Friday, June 19, 2020

Creator (1985), Nomads (1986), Never Too Young To Die (1986)


This was a strange one. I really wanted to like this movie - Peter O'Toole in his greasy perverse professor mode (trying to clone his late wife!), Vincent Spano as his fresh-faced assistant, Mariel Hemingway as the strong-minded young lady with her heart set on the professor, Virginia Madsen as the fellow college student that Spano falls hard for. 


 But nothing really works here. O'Toole comes across like a huge arrogant jerk, no better than the "villain" of the movie (David Ogden Stiers!). Spano is way over the top, especially in the coma scene. Hemingway is the real light of the film, she's fantastic, but she's too little in it and her motivations make no sense. Madsen is also a nice grounding force, but the movie tries its best to kill her off! Ugh.
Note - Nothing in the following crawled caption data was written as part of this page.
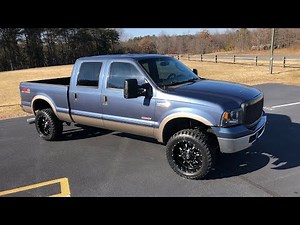 Bulletproof, whistling, full exhaust, tuned, nasty 2005 Ford F-250 Lariat 6.0 turbo diesel!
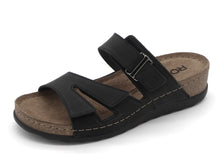 Afbeelding in Gallery-weergave laden, 162-99-006 Dames Open Slippers Sportief Rohde 5433-90 Zwart (3581)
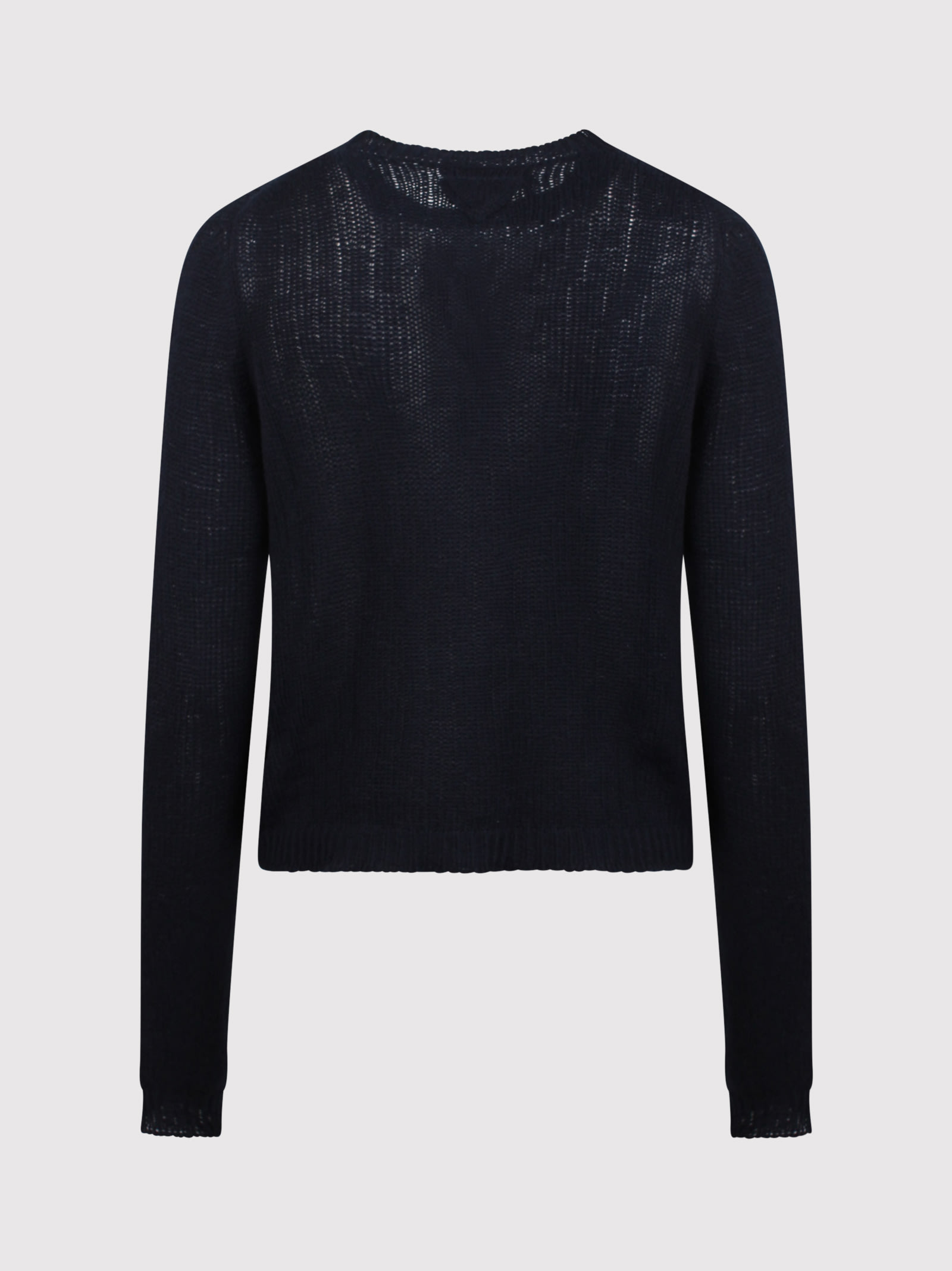 Shop Prada Cashmere Crew-neck Sweater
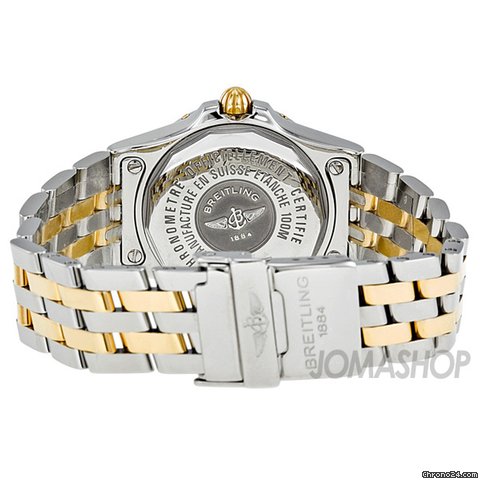 replica Breitling Galactic 30 Blue Steel Yellow Gold Ladies Watch B71340L2-C779TT WATCHES 1 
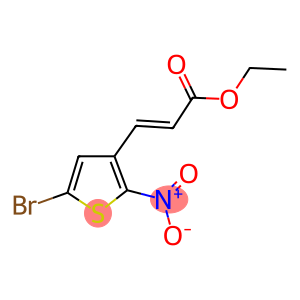 ethyl 3-{5-bromo-2-nitro-3-thienyl}acrylate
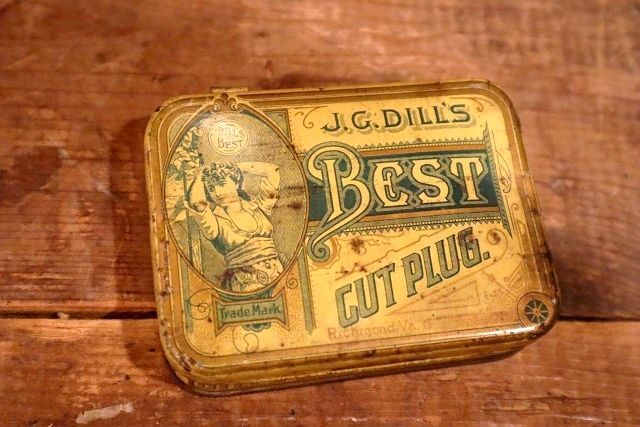 画像1: dp-230401-04 J.G.DILL'S BEST / Cut Plug Vintage Tin Can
It's not all that funny, the clone-my-dead-wife plot is nonsensical and goes nowhere, and the relationships all feel very artificial and forced. It's like an acting exercise. Also, the title is meaningless: nothing gets created. This is interesting, but hard to recommend. 


By contract, I hated this trash. Poor Pierce Brosnan, how in hell did he get roped into this? The plot is interesting: anthropology professor new to LA discovers a group of wandering Inuit spirits who are attracted to violence. But once they know he knows, they come to claim him. In his dying breath, he somehow transfers all his memories to a young doctor. She is burdened with two sets of memories and ends up commiserating with the anthropologist's wife. Or something. 

The interesting portion revolves around the nomadic evil spirits, who don't show up on film, and who cause maximum chaos everywhere they travel. They are interesting but the film does little to nothing with them. Brosnan is given absolutely nothing to do and no reason to do it - his sudden obsession with the spirits makes no sense in the context of the movie and infuriates the viewer. The leather punks are supposed to be menacing, but they're comical. The movie ... is terrible. 

The one interesting angle here is that it's tremendously atmospheric, and that's entirely the product of director John McTiernan, who also made Predator (!) and Die Hard (!!). He does what he can, I guess, but this one was doomed from the start. Avoid. 


Wow - John Stamos's first film! And you can tell - he is flat as a board from start to finish. Zero charisma. Instead, this movie belongs to Vanity - she is mysterious, tough, interesting, and worth watching. It's too bad this movie wasn't smarter or funnier and gave her something meaningful to say or do. 

Also worth watching is Gene Simmons as a hermaphroditic villain named - I kid you not - Velvet Von Ragnar. He is so far over the top in every scene, it's hard not to like him just a little. Otherwise, this is deeply subpar in every way. I would argue that Laser Mission is a tier above this.